- _Data for this task_
BEGIN

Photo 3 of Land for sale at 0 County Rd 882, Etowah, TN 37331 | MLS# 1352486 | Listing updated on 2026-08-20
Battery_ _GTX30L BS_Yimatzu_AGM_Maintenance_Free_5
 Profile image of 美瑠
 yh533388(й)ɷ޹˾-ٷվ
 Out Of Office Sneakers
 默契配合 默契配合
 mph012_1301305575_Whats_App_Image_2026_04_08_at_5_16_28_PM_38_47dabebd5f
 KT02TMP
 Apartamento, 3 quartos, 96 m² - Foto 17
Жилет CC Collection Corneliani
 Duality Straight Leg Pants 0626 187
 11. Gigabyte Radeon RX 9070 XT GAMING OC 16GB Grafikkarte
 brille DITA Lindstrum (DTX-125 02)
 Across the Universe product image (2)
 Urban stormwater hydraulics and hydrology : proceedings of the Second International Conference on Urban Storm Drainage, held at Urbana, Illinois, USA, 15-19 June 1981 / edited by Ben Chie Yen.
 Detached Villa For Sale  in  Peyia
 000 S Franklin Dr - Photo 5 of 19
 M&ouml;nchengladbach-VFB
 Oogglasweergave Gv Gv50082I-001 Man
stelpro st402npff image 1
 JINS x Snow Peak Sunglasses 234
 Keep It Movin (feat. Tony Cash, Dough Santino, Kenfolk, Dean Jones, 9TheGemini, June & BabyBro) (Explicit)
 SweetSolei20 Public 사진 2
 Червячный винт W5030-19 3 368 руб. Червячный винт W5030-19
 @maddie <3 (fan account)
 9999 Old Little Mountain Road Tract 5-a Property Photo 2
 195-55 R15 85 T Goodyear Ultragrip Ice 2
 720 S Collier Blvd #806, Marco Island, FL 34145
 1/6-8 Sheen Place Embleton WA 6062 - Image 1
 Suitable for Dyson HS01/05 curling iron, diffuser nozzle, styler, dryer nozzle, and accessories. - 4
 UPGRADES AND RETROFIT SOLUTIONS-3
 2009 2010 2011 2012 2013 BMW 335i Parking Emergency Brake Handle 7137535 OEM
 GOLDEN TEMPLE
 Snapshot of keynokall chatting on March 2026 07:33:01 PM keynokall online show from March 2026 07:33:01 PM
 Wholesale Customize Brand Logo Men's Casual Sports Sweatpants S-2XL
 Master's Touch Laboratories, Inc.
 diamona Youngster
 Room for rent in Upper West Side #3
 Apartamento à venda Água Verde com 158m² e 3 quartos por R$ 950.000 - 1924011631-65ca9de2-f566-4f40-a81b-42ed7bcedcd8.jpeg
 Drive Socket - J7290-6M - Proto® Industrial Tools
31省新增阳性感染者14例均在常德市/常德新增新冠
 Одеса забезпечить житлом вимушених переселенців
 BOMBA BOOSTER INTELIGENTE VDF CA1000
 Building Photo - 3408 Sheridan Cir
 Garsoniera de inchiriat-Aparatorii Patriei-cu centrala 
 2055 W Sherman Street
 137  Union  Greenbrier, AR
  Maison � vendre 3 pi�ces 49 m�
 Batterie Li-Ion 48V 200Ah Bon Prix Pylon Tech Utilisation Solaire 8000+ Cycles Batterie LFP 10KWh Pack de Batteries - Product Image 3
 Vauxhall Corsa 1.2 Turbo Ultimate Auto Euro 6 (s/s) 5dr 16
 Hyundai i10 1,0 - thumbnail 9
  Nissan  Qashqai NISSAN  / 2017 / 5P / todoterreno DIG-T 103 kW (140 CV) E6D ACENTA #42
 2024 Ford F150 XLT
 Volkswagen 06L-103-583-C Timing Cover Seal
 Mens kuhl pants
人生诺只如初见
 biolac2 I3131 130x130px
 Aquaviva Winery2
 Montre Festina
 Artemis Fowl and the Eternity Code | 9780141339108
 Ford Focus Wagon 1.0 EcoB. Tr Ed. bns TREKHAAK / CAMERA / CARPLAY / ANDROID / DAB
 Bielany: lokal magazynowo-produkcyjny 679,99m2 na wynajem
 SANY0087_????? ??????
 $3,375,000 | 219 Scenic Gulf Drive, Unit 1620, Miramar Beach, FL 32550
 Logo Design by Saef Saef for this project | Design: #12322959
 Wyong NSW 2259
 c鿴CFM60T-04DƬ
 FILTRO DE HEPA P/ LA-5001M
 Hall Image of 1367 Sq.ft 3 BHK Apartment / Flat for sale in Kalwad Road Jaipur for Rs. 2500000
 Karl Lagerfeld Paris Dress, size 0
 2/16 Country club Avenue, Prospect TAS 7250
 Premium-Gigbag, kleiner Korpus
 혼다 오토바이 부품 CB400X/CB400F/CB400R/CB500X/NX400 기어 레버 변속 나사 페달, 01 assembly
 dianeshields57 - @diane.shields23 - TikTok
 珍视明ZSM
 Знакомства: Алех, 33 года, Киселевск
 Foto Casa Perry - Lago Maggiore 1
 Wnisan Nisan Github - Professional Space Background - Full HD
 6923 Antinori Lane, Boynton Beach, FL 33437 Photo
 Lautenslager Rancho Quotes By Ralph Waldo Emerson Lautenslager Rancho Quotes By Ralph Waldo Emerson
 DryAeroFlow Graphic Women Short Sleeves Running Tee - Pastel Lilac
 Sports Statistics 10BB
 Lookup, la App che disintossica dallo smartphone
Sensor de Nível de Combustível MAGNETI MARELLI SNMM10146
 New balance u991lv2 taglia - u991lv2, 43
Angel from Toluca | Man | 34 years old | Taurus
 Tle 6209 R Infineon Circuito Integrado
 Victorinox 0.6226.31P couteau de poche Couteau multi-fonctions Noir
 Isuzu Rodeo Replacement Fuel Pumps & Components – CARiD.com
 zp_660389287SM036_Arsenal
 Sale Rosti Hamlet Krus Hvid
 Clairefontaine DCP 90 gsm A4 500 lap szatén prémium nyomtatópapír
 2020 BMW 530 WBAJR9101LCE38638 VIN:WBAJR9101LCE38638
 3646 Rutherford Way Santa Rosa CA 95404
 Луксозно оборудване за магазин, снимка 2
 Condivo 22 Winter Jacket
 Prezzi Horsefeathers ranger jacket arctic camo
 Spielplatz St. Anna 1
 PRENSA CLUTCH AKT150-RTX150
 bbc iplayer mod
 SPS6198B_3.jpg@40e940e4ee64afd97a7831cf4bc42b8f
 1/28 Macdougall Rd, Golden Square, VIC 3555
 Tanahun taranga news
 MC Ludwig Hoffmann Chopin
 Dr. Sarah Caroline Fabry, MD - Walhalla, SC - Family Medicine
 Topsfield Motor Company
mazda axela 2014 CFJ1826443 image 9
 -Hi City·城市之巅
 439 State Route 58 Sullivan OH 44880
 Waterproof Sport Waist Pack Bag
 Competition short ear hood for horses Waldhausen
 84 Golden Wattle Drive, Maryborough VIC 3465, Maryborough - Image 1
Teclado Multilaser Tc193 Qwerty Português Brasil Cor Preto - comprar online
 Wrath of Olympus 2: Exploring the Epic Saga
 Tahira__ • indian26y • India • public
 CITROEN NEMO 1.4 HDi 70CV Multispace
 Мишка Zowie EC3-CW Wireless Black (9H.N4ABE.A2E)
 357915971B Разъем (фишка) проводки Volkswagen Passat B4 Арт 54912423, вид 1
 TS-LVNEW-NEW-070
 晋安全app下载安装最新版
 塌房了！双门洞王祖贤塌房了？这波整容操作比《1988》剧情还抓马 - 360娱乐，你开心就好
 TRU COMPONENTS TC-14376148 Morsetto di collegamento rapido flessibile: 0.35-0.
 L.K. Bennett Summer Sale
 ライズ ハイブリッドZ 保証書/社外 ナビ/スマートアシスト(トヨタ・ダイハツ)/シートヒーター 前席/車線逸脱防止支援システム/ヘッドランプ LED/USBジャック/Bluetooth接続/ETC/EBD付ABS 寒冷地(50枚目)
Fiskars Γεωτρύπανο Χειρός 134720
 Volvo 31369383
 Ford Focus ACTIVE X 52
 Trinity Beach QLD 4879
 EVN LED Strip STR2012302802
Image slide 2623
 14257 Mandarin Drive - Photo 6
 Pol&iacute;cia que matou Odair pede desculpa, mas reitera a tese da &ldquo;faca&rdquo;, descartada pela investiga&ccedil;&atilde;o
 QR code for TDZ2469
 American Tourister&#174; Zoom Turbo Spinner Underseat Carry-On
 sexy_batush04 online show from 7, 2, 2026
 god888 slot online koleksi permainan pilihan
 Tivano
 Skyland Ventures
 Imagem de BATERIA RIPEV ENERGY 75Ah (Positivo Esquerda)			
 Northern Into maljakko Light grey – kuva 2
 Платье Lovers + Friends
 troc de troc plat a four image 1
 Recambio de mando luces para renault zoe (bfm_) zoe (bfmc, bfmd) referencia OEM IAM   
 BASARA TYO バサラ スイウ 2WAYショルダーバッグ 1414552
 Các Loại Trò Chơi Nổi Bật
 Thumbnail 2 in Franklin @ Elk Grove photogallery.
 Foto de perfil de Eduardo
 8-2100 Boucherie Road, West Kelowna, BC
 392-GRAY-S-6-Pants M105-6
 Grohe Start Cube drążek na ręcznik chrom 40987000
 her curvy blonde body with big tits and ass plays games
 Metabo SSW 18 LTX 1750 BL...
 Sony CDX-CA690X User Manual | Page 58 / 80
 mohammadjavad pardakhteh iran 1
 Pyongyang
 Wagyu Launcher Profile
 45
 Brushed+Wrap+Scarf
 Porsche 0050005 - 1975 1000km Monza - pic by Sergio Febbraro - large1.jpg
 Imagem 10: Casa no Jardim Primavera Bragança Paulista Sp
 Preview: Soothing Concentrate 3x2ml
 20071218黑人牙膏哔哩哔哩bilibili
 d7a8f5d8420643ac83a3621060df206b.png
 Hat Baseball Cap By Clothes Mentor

END

- _How to complete this task_
Your task is to retype the entries verbatim, starting with the line that holds "Teclado Multilaser Tc193" and stopping after the line that holds "Porsche 0050005 - 1975".

- _Result for this task_
Teclado Multilaser Tc193 Qwerty Português Brasil Cor Preto - comprar online
 Wrath of Olympus 2: Exploring the Epic Saga
 Tahira__ • indian26y • India • public
 CITROEN NEMO 1.4 HDi 70CV Multispace
 Мишка Zowie EC3-CW Wireless Black (9H.N4ABE.A2E)
 357915971B Разъем (фишка) проводки Volkswagen Passat B4 Арт 54912423, вид 1
 TS-LVNEW-NEW-070
 晋安全app下载安装最新版
 塌房了！双门洞王祖贤塌房了？这波整容操作比《1988》剧情还抓马 - 360娱乐，你开心就好
 TRU COMPONENTS TC-14376148 Morsetto di collegamento rapido flessibile: 0.35-0.
 L.K. Bennett Summer Sale
 ライズ ハイブリッドZ 保証書/社外 ナビ/スマートアシスト(トヨタ・ダイハツ)/シートヒーター 前席/車線逸脱防止支援システム/ヘッドランプ LED/USBジャック/Bluetooth接続/ETC/EBD付ABS 寒冷地(50枚目)
Fiskars Γεωτρύπανο Χειρός 134720
 Volvo 31369383
 Ford Focus ACTIVE X 52
 Trinity Beach QLD 4879
 EVN LED Strip STR2012302802
Image slide 2623
 14257 Mandarin Drive - Photo 6
 Pol&iacute;cia que matou Odair pede desculpa, mas reitera a tese da &ldquo;faca&rdquo;, descartada pela investiga&ccedil;&atilde;o
 QR code for TDZ2469
 American Tourister&#174; Zoom Turbo Spinner Underseat Carry-On
 sexy_batush04 online show from 7, 2, 2026
 god888 slot online koleksi permainan pilihan
 Tivano
 Skyland Ventures
 Imagem de BATERIA RIPEV ENERGY 75Ah (Positivo Esquerda)			
 Northern Into maljakko Light grey – kuva 2
 Платье Lovers + Friends
 troc de troc plat a four image 1
 Recambio de mando luces para renault zoe (bfm_) zoe (bfmc, bfmd) referencia OEM IAM   
 BASARA TYO バサラ スイウ 2WAYショルダーバッグ 1414552
 Các Loại Trò Chơi Nổi Bật
 Thumbnail 2 in Franklin @ Elk Grove photogallery.
 Foto de perfil de Eduardo
 8-2100 Boucherie Road, West Kelowna, BC
 392-GRAY-S-6-Pants M105-6
 Grohe Start Cube drążek na ręcznik chrom 40987000
 her curvy blonde body with big tits and ass plays games
 Metabo SSW 18 LTX 1750 BL...
 Sony CDX-CA690X User Manual | Page 58 / 80
 mohammadjavad pardakhteh iran 1
 Pyongyang
 Wagyu Launcher Profile
 45
 Brushed+Wrap+Scarf
 Porsche 0050005 - 1975 1000km Monza - pic by Sergio Febbraro - large1.jpg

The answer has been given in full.